Let The Law School Class Action Lawsuits Proceed: 5 Defenses That Don't Work
If any of the remaining law school lawsuits end up in appeal, the motions to dismiss should be denied and the cases be allowed to proceed.
Regular readers of this column know that I went to a low-ranked school and left with mediocre grades. So when I finished law school, I knew and accepted the fact that finding jobs and developing my career was going to be a difficult but hopefully fulfilling ordeal. Thankfully, I was able to find something, but I constantly felt that my legal career would be unstable at best. Some time later, I learned that people from better schools with better grades were having the same problems I was. Later, more people were “coming out” about their job search struggles.
A few years ago, a number of law schools got sued by their graduates. The plaintiffs claim that they matriculated and took on six figures of nondischargeable student loans relying on the schools’ fraudulent and misleading post-graduate employment statistics.

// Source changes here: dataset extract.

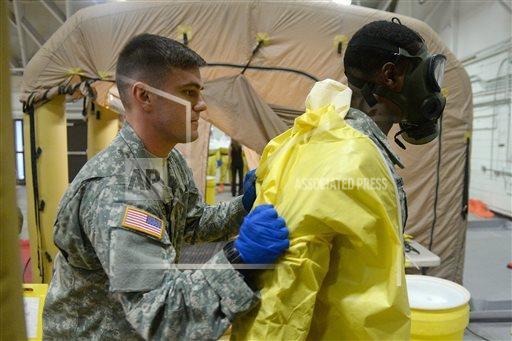 Members of the Army's 101st Airborne Division conduct a training exercise at Ft. Campbell, Ky., Thursday, Oct. 9, 2014. Members will travel to Liberia to build treatment centers and conduct medical training as part of the fight against the Ebola epidemic. (AP Photo/The Courier-Journal, Stephen Lance Dennee)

Most of these lawsuits have been dismissed and their dismissals have been upheld on appeal. Thus, the graduates will not get their day in court. Also, there will be no discovery, no salacious emails, and no depositions of deans and admissions staff. In a way, it is good to know that it didn’t take much litigation for courts to hold that law schools’ employment statistics are unreliable, incomprehensible, and possibly fraudulent.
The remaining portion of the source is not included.